The onus is on these to explain why they so flippantly have dissed the mandate and spirit of the Growth Management Act and that of their own Comp Plans.
Under A-4, we will only be yoked with as many amendment votes—land use deviations to sprawl OUTSIDE urban confines—as commissioners force on us. If there are “many”, we must ask: Why have so many been approved? And if they are, thank heavens the grounded and diverse electorate can now temper pols’ inebriation. Dangerous drunks need incarceration by us, the sober wardens.
The truth about how numerous votes would be under 4 is that far fewer applications would be put through in the first place since inveterate bottom-liners rarely take iffy risks that don’t show a high % chance of big payoff (which they neatly get with beholden commissioners). They know that their own status, under voter review, would be reduced from bully to polite suitor, because they would have to actually convince a potentially impacted citizenry that their project is good. This, rather than an obstacle to economic health, would provide much-needed moderation in the pace and quality of growth—a moderation at this late date proven untenable under elected “representatives” bustling about serving moguls and LLCs instead of piddly US.
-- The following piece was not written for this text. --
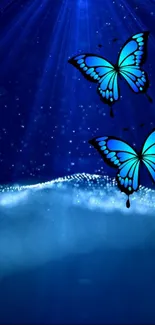 Blue butterflies with shimmering light on a deep blue background.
Patton’s dismissiveness toward Floridians distressed over turncoat “representatives” (as if the labeled knew the sense of that word) shows his true allegiance to speculators. There is no sound reason a Comp Plan should be changed often—and any business person gambling on a land use change to which he is by no means entitled, deserves what he gets. That’s speculation: risk.
So if “thousands of business decisions” rest on distorting the growth blueprint of my town, I can guiltlessly vote them down. Such projects are often too hastily-considered by local councils. Let biz whizzes brainstorm (and barnstorm) within the urban core and existing land use!
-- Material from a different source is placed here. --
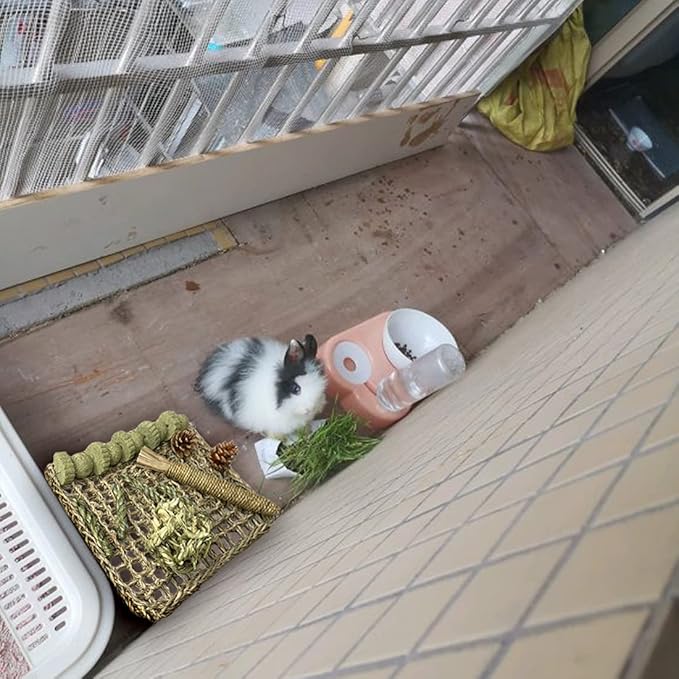 Hamiledyi Rabbit Seagrass Mat Bunny Chew Toys for Teeth Hanging Activity Mat Rabbit Enrichment Activity Mat Small Animal Toys for Hamster Guinea Pigs Gerbil Birds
Mr. Patton illogically disavows being an “advocate for unfettered development” yet proudly defends a system which fetters zilch, but instead has created a false sense of entitlement among speculators that we should just roll over and let them finish off Florida.
No thanks. There is no “right” to a land use change, and no justification for systemic protectionism for gamblers wreaking heck on community stability, home values and Florida’s frail ecology. Contrary to Mr. Patton’s assertion, we do allow “anybody to build anything anywhere.” The venerable elected he paints as the bulwark of “representative democracy” don’t blink in laying the groundwork for crazy-quilt land carnage with their votes. Votes evidencing palpable contempt for what their constituents want and need.
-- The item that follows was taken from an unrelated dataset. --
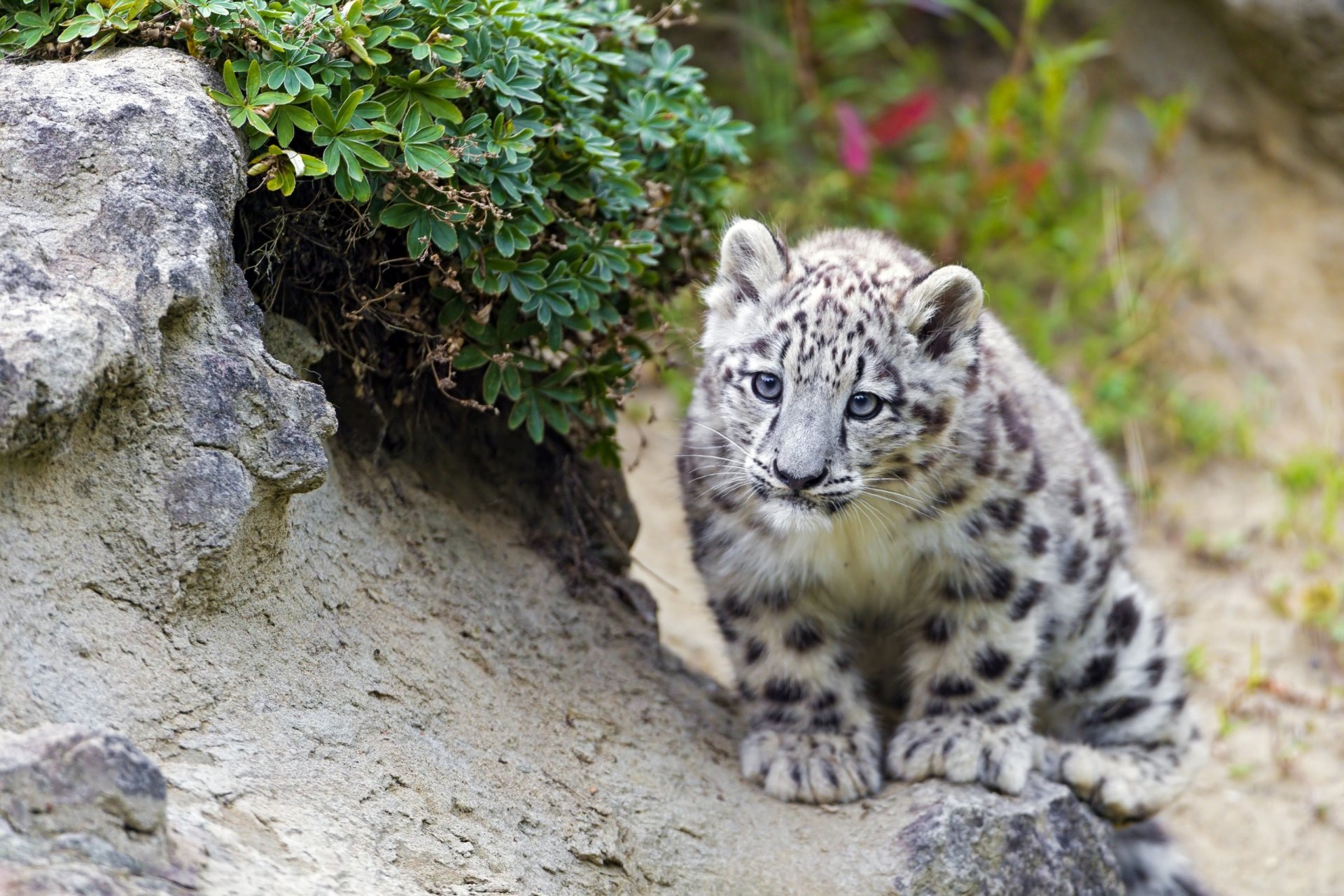 leopardo de las nieves irbis mirando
There is nothing “representative” about selling Florida’s future—and taxpaying affected residents—down the river.
With such reasoning, who needs genuine delusion? Come November, Amendment 4 offers the well-founded solution to a problem decades in the making, which—unbelievably—remains invisible to those clinging to the Ponzi template. We only have one state. Once it’s lost, it’s too late. Legislators and local governments have been given countless chances that they’ve willfully blown, to our detriment. Only we can save Florida — with our votes.